Tech -Voc education key for 21st century
-- President Jagdeo

by Clifford Stanley
Guyana Chronicle
December 1, 1999


TECHNICAL Vocational education popularly known a Tech-Voc education, will have a prominent place in Government's programme for equipping Guyanese with the skills they will need to survive in the new century.

President Bharrat Jagdeo made the revelation while speaking on Government's education sector strategy during the annual graduation and prize-giving exercises of the Rosignol Secondary school on Friday.

Giving the feature address at the West Bank Berbice institution, President Jagdeo said that Government considered Tech-Voc training to be as equally important as academic education.

"For those who do not wish to continue with academics, those who are good with their hands, they must be given a skill," the President said.

He noted that facilities for Tech-Voc education are in place and that the teachers were doing an excellent job, but he emphasised that there was need for not only raising levels in this aspect of education but also making it available to more people.

During his address, President Jagdeo identified four other major elements of a "comprehensive review" of the education sector as follows:

* Curricula reform at nursery, primary, and secondary levels

* Universal secondary education

* Intensification of teacher training and decentralisation of teacher training with greater emphasis on In-service training

* Closer attention to tertiary education with a deliberate policy of decentralisation of its provision

* Continuation of the upgrading of physical facilities for education delivery countrywide.

The President said that major sections of the school curricula are totally irrelevant.

"The new century will be driven by knowledge and information technology. If we are preparing children for the future the school curricula has to be relevant so that we can help them not only to get jobs but to survive as individuals and to be good citizens," he stressed.

President Jagdeo also disclosed that the Government will be moving to abolish the Secondary Schools Entrance Examinations.

"With that system," he lamented, "we found that because you only had space for 55 per cent of the primary school children to move on to secondary schools, 45 per cent of the kids were forced either to remain at the top of primary schools or go to heavily stigmatized Community High Schools."

"We were very disturbed by this because you are condemning children at age nine to a very uncertain future.
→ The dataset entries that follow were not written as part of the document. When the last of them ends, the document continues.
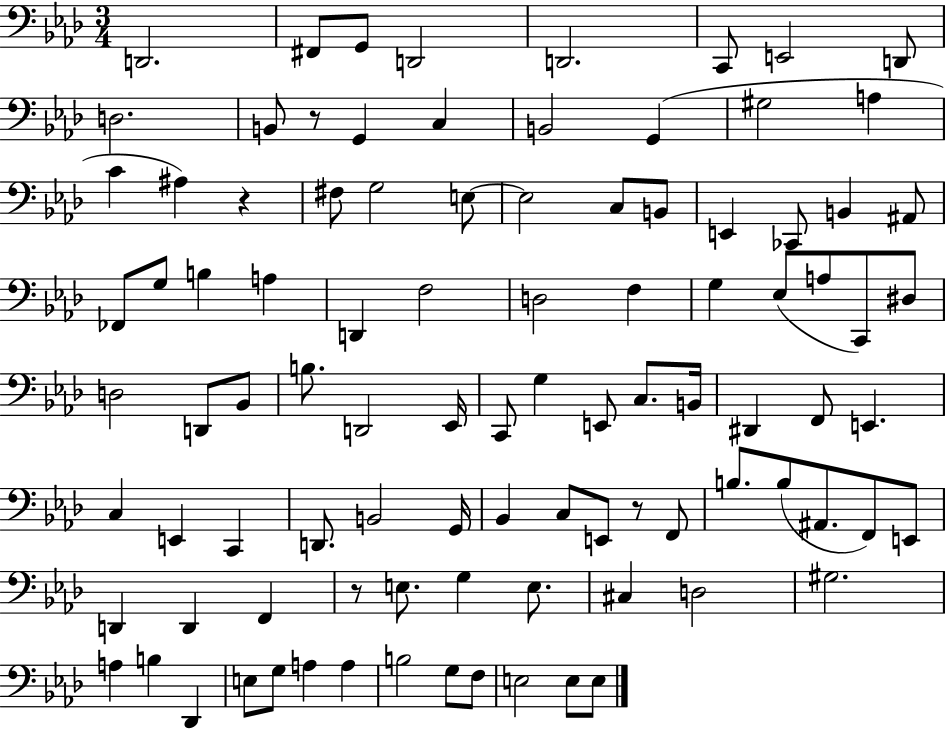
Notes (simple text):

D2/h. F#2/e G2/e D2/h D2/h. C2/e E2/h D2/e D3/h. B2/e R/e G2/q C3/q B2/h G2/q G#3/h A3/q C4/q A#3/q R/q F#3/e G3/h E3/e E3/h C3/e B2/e E2/q CES2/e B2/q A#2/e FES2/e G3/e B3/q A3/q D2/q F3/h D3/h F3/q G3/q Eb3/e A3/e C2/e D#3/e D3/h D2/e Bb2/e B3/e. D2/h Eb2/s C2/e G3/q E2/e C3/e. B2/s D#2/q F2/e E2/q. C3/q E2/q C2/q D2/e. B2/h G2/s Bb2/q C3/e E2/e R/e F2/e B3/e. B3/e A#2/e. F2/e E2/e D2/q D2/q F2/q R/e E3/e. G3/q E3/e. C#3/q D3/h G#3/h. A3/q B3/q Db2/q E3/e G3/e A3/q A3/q B3/h G3/e F3/e E3/h E3/e E3/e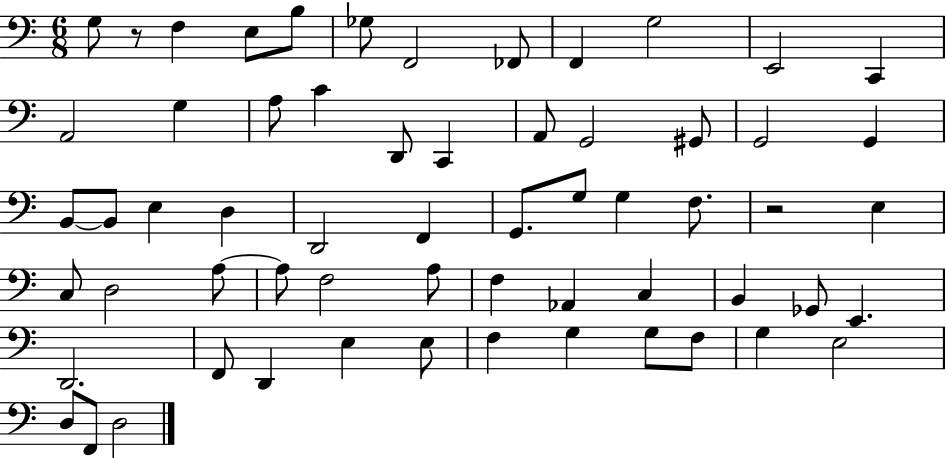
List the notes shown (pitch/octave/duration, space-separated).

G3/e R/e F3/q E3/e B3/e Gb3/e F2/h FES2/e F2/q G3/h E2/h C2/q A2/h G3/q A3/e C4/q D2/e C2/q A2/e G2/h G#2/e G2/h G2/q B2/e B2/e E3/q D3/q D2/h F2/q G2/e. G3/e G3/q F3/e. R/h E3/q C3/e D3/h A3/e A3/e F3/h A3/e F3/q Ab2/q C3/q B2/q Gb2/e E2/q. D2/h. F2/e D2/q E3/q E3/e F3/q G3/q G3/e F3/e G3/q E3/h D3/e F2/e D3/h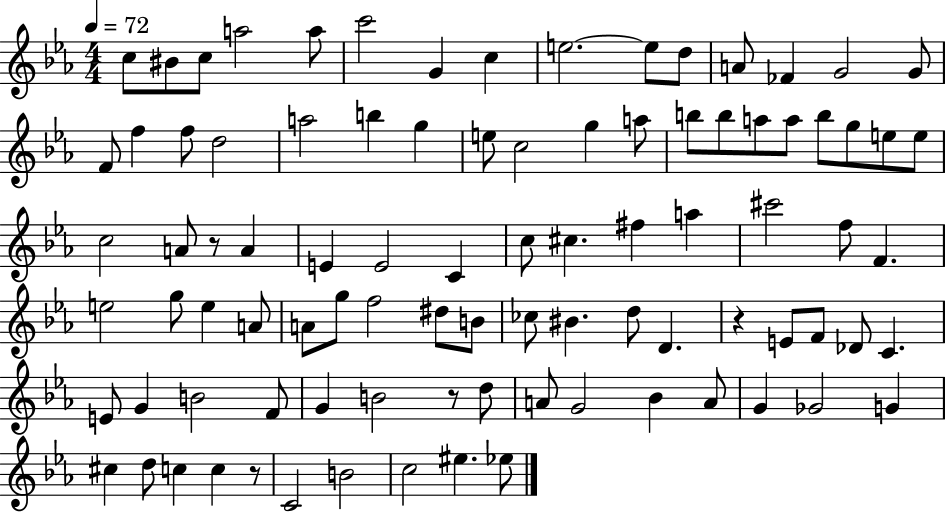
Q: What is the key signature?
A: EES major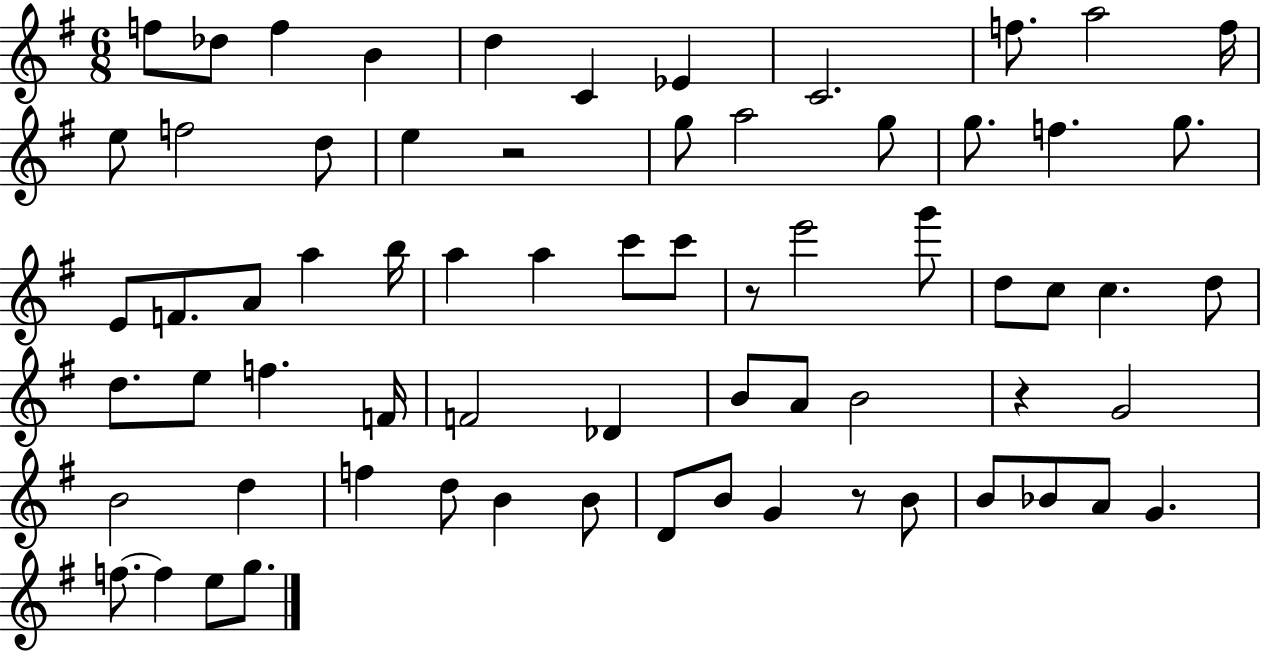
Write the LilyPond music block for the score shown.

{
  \clef treble
  \numericTimeSignature
  \time 6/8
  \key g \major
  f''8 des''8 f''4 b'4 | d''4 c'4 ees'4 | c'2. | f''8. a''2 f''16 | \break e''8 f''2 d''8 | e''4 r2 | g''8 a''2 g''8 | g''8. f''4. g''8. | \break e'8 f'8. a'8 a''4 b''16 | a''4 a''4 c'''8 c'''8 | r8 e'''2 g'''8 | d''8 c''8 c''4. d''8 | \break d''8. e''8 f''4. f'16 | f'2 des'4 | b'8 a'8 b'2 | r4 g'2 | \break b'2 d''4 | f''4 d''8 b'4 b'8 | d'8 b'8 g'4 r8 b'8 | b'8 bes'8 a'8 g'4. | \break f''8.~~ f''4 e''8 g''8. | \bar "|."
}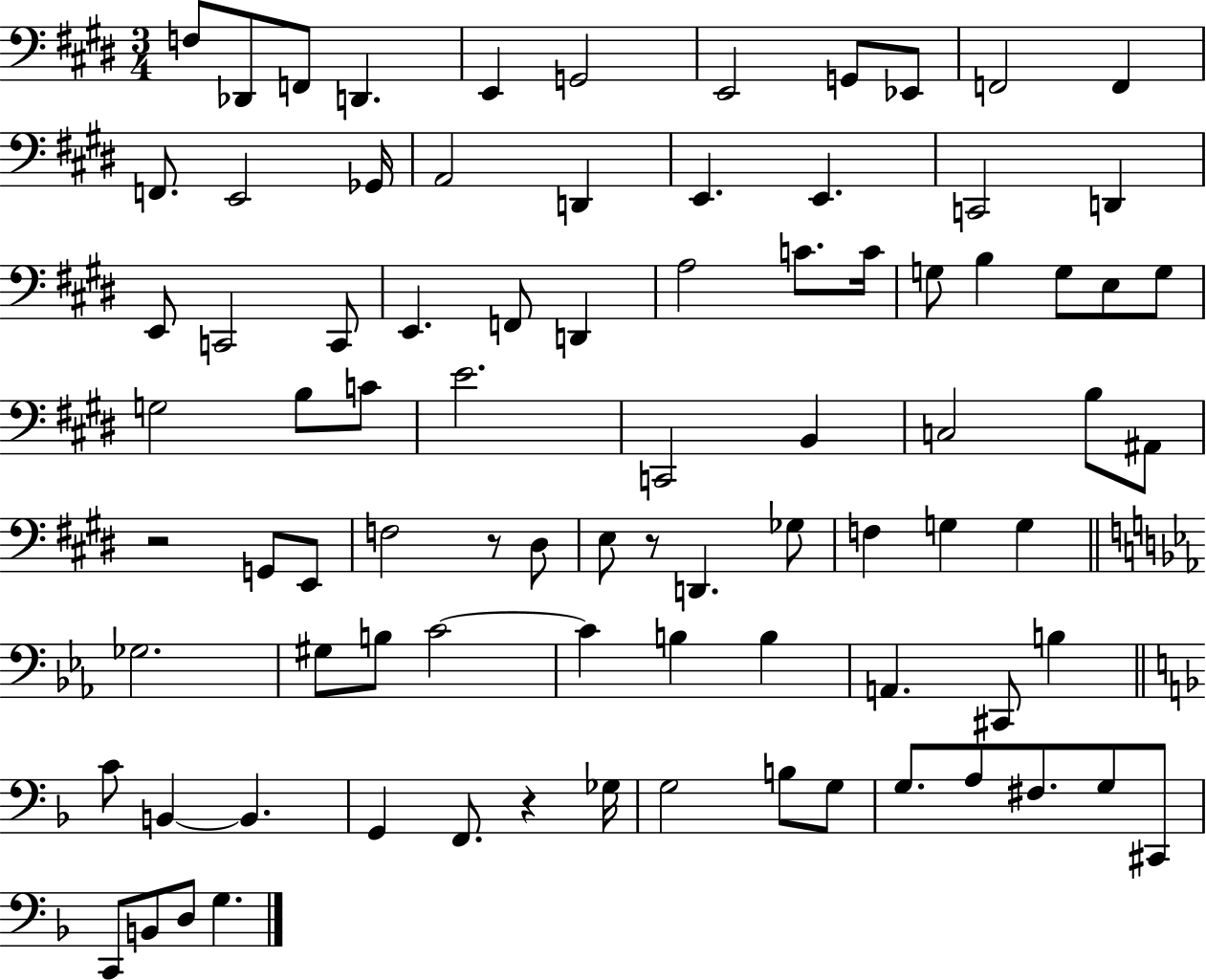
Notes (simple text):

F3/e Db2/e F2/e D2/q. E2/q G2/h E2/h G2/e Eb2/e F2/h F2/q F2/e. E2/h Gb2/s A2/h D2/q E2/q. E2/q. C2/h D2/q E2/e C2/h C2/e E2/q. F2/e D2/q A3/h C4/e. C4/s G3/e B3/q G3/e E3/e G3/e G3/h B3/e C4/e E4/h. C2/h B2/q C3/h B3/e A#2/e R/h G2/e E2/e F3/h R/e D#3/e E3/e R/e D2/q. Gb3/e F3/q G3/q G3/q Gb3/h. G#3/e B3/e C4/h C4/q B3/q B3/q A2/q. C#2/e B3/q C4/e B2/q B2/q. G2/q F2/e. R/q Gb3/s G3/h B3/e G3/e G3/e. A3/e F#3/e. G3/e C#2/e C2/e B2/e D3/e G3/q.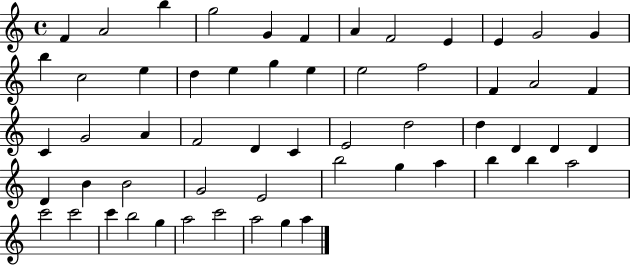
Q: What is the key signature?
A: C major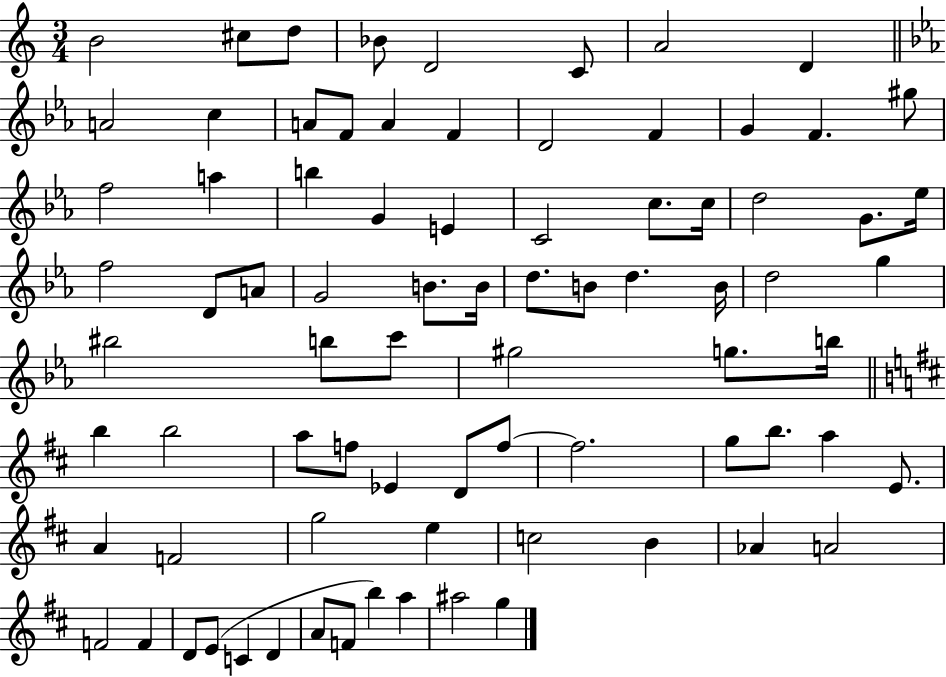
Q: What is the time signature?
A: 3/4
Those who do not get into secondary schools, their parents see them as failures, they see themselves as failures."

"We are resting their whole futures on the outcome of one examination."

"These are babies," he said "they should have hundreds of opportunities to grow and develop. They should not have to go through the trauma of either passing or failing the secondary school examinations. All our kids should have the opportunity to attend secondary schools."

"We have to make provision for those who are inherently brilliant but, who, for some reason or the other, are late developers," he stressed.

The President mentioned two pilot projects towards this end, initiated by Government. One project is in Berbice and the other one is in Linden.

He said that the pilot projects should provide the information needed to concretise arrangements for universal secondary education for all.

With respect to teacher training, the President revealed that Government had carried out a deliberate policy of significantly widening the gap between the salaries of trained and untrained teachers so as to give untrained teachers the incentive to enlist for training.

Government had also deliberately channelled more resources to the teacher's training institution, the Cyril Potter College of Education (CPCE) while simultaneously decentralising In-service training along the Coast and as far south as the Rupununi.

President Jagdeo disclosed that plans to establish a University of Guyana Campus in Berbice were also in keeping with this policy of making educational opportunities easily available for all Guyanese regardless of which part of the country they reside.

With respect to improvement of the physical aspects of education delivery, President Jagdeo referred to the billions of dollars already spent in this area.

Drawing a comparison with the jargon of information technology, the President said, "I think of the modernised physical infrastructure as the hardware. The hardware is already in place. Government has ensured that. We now have to concentrate on the software, the people whose educational levels will be so vital for our survival as a nation in the 21st Century."